(Records excerpted from a collection)
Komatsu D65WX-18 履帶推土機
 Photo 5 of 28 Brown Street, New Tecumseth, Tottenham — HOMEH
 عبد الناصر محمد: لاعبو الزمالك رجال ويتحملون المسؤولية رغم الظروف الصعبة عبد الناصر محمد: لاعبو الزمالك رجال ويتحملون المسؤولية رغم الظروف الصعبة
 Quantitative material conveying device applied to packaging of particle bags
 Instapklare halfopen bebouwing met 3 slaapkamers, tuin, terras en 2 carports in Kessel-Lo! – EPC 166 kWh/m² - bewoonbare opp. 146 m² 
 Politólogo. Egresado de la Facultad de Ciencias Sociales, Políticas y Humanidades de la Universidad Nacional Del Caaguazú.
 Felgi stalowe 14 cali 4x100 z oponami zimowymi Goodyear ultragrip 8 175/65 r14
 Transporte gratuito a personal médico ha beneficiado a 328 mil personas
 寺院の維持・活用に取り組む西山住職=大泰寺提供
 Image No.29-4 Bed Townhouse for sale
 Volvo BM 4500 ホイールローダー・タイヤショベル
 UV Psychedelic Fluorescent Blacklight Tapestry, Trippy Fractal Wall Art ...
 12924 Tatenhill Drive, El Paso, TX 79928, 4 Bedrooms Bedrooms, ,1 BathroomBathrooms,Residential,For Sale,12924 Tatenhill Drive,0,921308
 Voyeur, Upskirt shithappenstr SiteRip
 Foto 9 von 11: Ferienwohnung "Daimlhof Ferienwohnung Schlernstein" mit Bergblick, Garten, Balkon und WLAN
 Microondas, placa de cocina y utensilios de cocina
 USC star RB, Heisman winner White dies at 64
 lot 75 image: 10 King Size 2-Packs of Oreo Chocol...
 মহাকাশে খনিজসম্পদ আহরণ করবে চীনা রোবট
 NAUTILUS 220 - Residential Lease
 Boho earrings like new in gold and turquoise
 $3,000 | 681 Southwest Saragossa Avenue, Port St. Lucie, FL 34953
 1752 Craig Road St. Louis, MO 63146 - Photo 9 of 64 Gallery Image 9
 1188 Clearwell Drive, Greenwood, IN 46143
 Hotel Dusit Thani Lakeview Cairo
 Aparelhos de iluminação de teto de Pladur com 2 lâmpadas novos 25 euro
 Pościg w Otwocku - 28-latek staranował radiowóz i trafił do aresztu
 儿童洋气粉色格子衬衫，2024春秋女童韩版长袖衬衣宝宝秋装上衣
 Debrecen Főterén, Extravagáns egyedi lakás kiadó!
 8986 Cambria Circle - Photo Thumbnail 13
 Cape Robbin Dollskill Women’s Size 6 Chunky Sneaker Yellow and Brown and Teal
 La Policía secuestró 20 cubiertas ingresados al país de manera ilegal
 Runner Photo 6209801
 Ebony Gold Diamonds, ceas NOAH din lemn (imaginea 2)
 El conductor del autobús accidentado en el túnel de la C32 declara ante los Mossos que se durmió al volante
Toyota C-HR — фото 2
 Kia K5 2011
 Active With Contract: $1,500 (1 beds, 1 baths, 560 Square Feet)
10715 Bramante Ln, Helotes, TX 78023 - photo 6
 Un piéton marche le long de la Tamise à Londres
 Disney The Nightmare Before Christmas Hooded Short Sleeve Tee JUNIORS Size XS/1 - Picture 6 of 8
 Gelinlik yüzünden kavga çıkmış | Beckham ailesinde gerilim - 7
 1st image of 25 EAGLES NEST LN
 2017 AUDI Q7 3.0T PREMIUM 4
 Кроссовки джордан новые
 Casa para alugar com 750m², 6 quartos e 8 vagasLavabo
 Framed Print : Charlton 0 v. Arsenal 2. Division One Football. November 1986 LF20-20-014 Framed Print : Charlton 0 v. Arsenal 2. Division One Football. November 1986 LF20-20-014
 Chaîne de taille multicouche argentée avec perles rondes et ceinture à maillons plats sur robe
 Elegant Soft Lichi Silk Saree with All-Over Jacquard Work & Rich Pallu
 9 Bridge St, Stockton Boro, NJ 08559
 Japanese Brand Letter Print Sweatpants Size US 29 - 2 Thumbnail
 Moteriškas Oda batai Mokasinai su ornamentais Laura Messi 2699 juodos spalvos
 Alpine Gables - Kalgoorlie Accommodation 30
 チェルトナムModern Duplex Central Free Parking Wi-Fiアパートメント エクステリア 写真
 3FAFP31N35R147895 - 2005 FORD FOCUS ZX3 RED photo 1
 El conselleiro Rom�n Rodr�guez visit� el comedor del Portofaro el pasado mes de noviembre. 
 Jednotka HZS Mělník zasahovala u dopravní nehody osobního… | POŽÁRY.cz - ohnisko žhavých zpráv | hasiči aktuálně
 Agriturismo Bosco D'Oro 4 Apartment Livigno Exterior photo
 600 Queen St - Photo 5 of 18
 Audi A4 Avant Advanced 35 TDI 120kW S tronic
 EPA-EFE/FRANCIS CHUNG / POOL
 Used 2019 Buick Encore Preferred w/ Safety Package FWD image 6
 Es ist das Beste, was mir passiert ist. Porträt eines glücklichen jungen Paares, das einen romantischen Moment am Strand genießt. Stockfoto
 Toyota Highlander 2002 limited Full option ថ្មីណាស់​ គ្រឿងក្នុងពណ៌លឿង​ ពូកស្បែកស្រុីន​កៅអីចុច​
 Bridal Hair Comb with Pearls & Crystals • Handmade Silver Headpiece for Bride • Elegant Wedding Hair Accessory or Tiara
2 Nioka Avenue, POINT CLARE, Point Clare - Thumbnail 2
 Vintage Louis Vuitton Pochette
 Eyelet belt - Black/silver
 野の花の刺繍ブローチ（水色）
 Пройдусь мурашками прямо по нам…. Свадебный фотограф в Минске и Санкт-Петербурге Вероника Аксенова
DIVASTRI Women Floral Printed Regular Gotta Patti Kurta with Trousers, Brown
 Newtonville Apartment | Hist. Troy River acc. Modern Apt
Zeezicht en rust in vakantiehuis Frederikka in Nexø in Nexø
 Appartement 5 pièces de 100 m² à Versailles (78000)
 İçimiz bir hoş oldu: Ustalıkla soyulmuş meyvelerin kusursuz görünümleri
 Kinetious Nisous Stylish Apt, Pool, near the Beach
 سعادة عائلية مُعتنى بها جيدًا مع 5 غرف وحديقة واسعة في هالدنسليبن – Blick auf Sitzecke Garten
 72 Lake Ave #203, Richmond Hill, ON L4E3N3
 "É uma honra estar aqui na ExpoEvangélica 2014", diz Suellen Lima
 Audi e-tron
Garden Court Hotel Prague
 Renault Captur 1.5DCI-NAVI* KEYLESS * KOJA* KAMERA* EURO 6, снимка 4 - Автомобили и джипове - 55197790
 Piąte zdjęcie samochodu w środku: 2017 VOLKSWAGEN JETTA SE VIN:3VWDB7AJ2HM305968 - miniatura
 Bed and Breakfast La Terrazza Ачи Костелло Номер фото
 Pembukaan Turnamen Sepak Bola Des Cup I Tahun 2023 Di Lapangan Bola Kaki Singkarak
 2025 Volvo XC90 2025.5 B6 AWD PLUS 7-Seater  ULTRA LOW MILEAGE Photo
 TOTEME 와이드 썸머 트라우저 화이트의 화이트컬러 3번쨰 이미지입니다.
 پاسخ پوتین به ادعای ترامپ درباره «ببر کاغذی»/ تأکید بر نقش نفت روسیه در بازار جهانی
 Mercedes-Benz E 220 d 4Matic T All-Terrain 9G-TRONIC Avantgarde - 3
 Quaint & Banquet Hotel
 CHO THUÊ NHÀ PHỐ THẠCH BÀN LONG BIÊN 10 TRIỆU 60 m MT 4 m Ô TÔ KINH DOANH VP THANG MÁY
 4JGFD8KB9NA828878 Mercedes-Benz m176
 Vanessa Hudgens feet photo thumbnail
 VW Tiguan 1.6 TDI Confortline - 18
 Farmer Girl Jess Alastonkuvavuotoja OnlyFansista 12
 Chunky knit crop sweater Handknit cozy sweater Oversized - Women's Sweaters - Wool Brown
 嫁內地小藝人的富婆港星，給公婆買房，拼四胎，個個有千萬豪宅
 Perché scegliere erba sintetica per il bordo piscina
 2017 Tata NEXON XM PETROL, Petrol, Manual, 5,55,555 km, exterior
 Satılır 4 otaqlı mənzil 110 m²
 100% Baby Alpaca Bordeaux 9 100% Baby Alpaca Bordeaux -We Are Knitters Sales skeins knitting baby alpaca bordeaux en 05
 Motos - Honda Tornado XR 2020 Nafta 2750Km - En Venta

## Required work
Filter the records above down to the lines that hold the string "Mercedes".

## Solution below
 Mercedes-Benz E 220 d 4Matic T All-Terrain 9G-TRONIC Avantgarde - 3
 4JGFD8KB9NA828878 Mercedes-Benz m176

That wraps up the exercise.